> _Work item_
Every line from the top of the records below through the one containing "крем з ефектом сяйва instytutum3 фото" must be copied exactly, and the pictures must not be.

> _Exercise input_

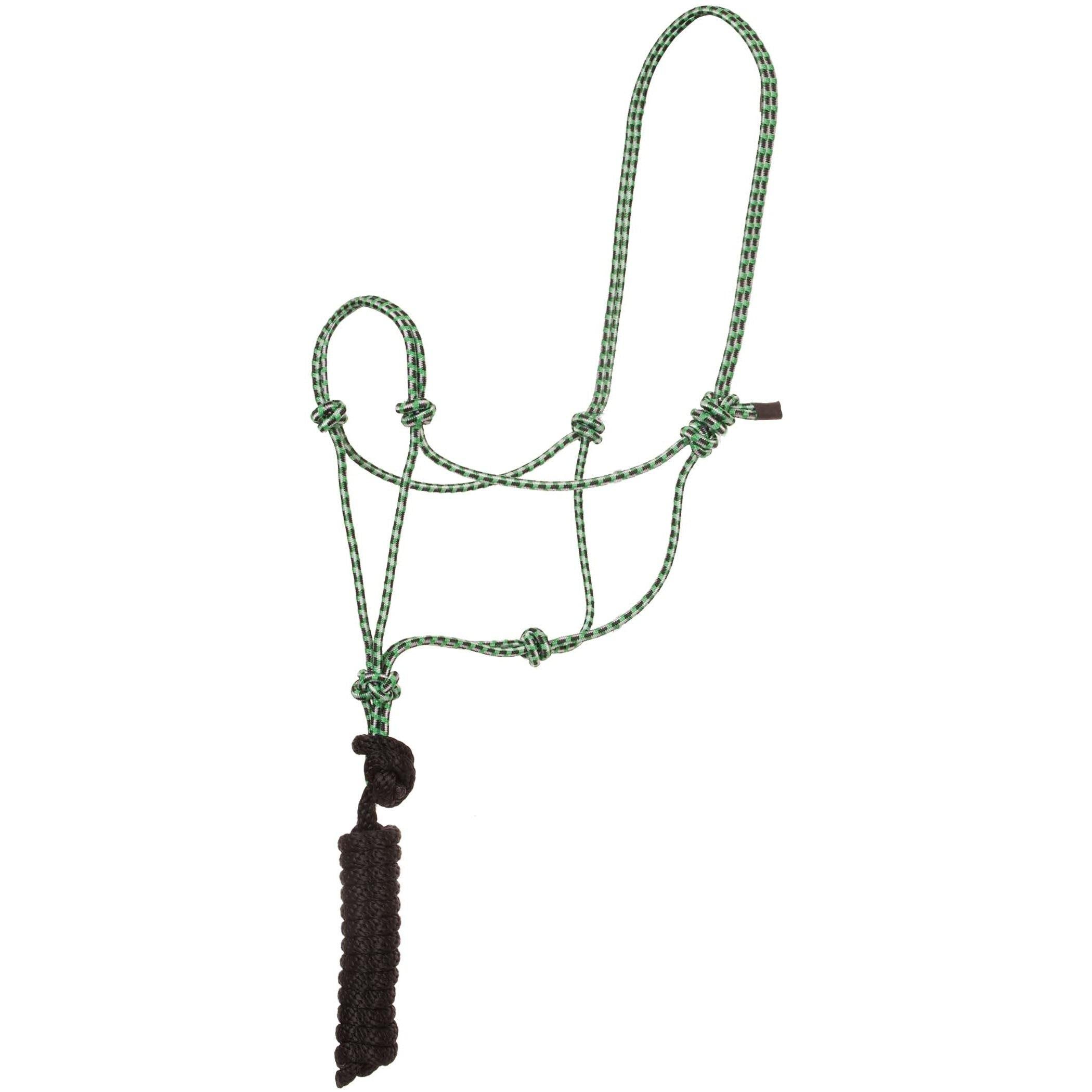 Mustang Economy Mountain Rope Halter and Lead - FG Pro Shop Inc.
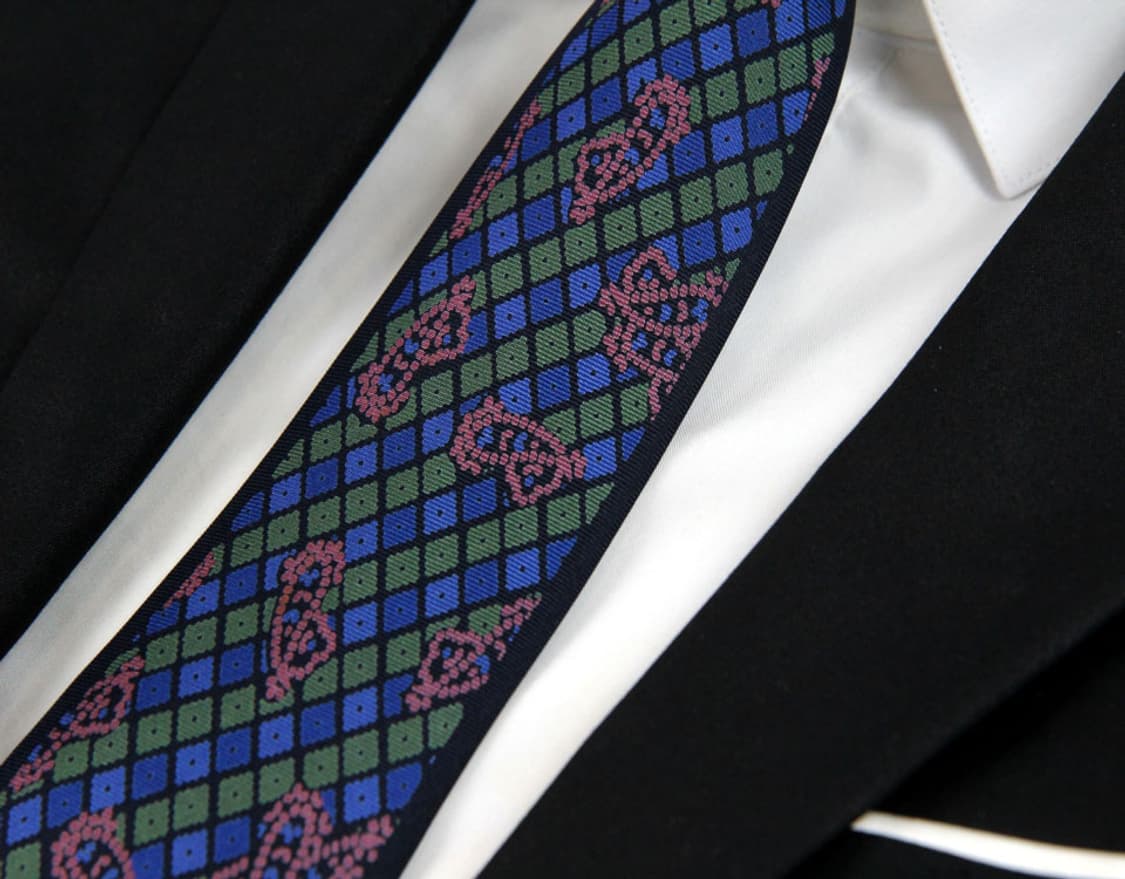 밀라숀 8.7cm A등급 이태리 남자 명품 넥타이 상품이미지5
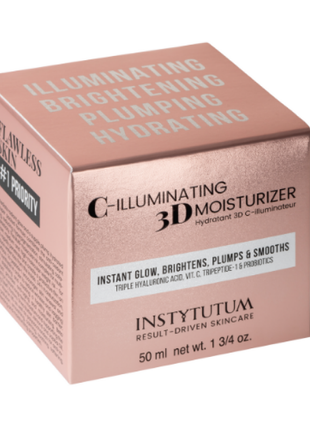 C-illuminating 3d moisturizer -
крем з ефектом сяйва instytutum3 фото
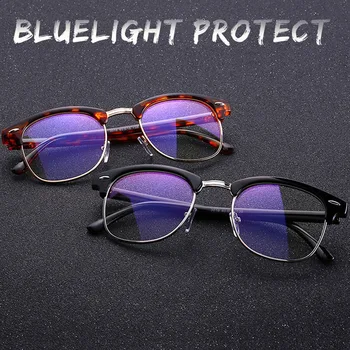 Bilgisayar gözlük çerçevesi Anti mavi ışın gözlük Erkekler Kadınlar Anti mavi ışık gözlük PC oyunu Unisex optik reçete gözlük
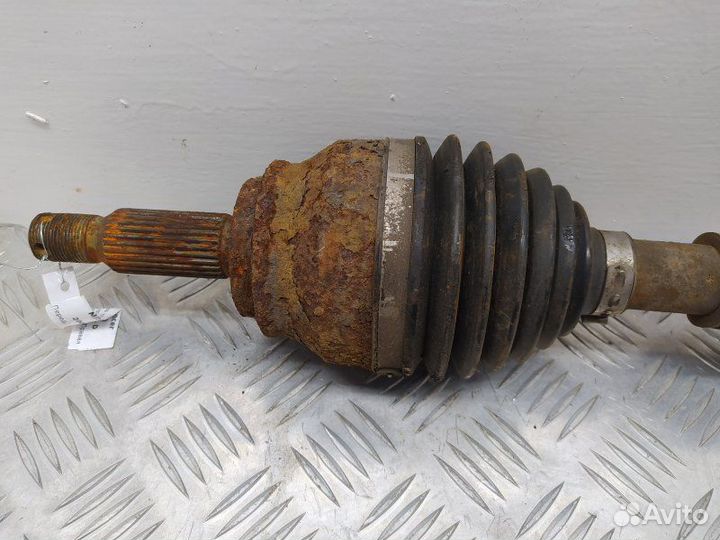 Полуось передняя правая (приводной вал, ШРУС) Mits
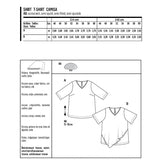 Burda Sewing Pattern 6307 Shirt - Ribes y Casals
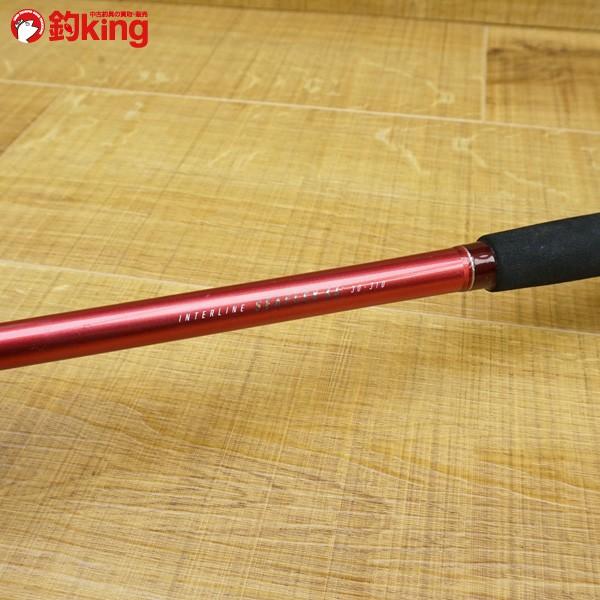 ダイワ インターライン シーフレックス 64 30-310/M397L 極上美品 船竿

> _The answer_
 Mustang Economy Mountain Rope Halter and Lead - FG Pro Shop Inc.
 밀라숀 8.7cm A등급 이태리 남자 명품 넥타이 상품이미지5
 C-illuminating 3d moisturizer -
крем з ефектом сяйва instytutum3 фото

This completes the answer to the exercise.